In my vision I have an image like floating in outer space alone with no sound around, so we asked the designer (Jordanne Chant) to make the artwork related to that. It’s the airship flying in front of the sun, a bit emotionlessly, but still a bit sadly secret. “In this album I think I felt both sides of life, pure innocence and some kind of broken unreasonable experience.

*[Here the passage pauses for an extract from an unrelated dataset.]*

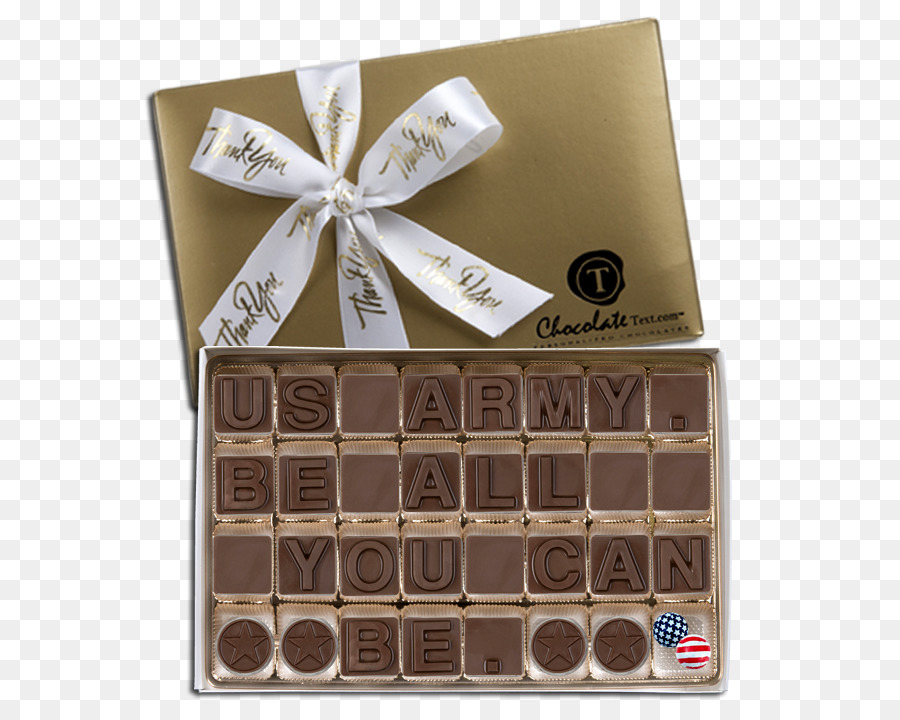 Praline，Barre De Chocolat PNG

It could be quite depressing and sad, but at the same time there’s some cheerful, fun melodies, some passions and anger, and some comforting silence. I think it’s all connected and has a meaning to each other, like our lives itself. It’s not like looking for the answer; it’s more like singing some contradiction and questions as it is like some abstract drawings. But I hope it could be still giving people who listen to it some energy and passions for music, and for their lives.” Songs Of Innocence & Experience is the follow up DYGL’s highly acclaimed debut album Say Goodbye To Memory Den in 2017. The record was produced by Albert Hammond Jr and was quick to make DYGL the hottest indie names in Tokyo, while also sparking UK praise from the likes of NME, Clash and more. The new album finds DYGL venturing much deeper into themselves both musically and lyrically than found on their first record, showing a vastly greater depth to their songwriting prowess. Songs Of Innocence & Experience further cements DYGL as Tokyo’s hottest indie exports.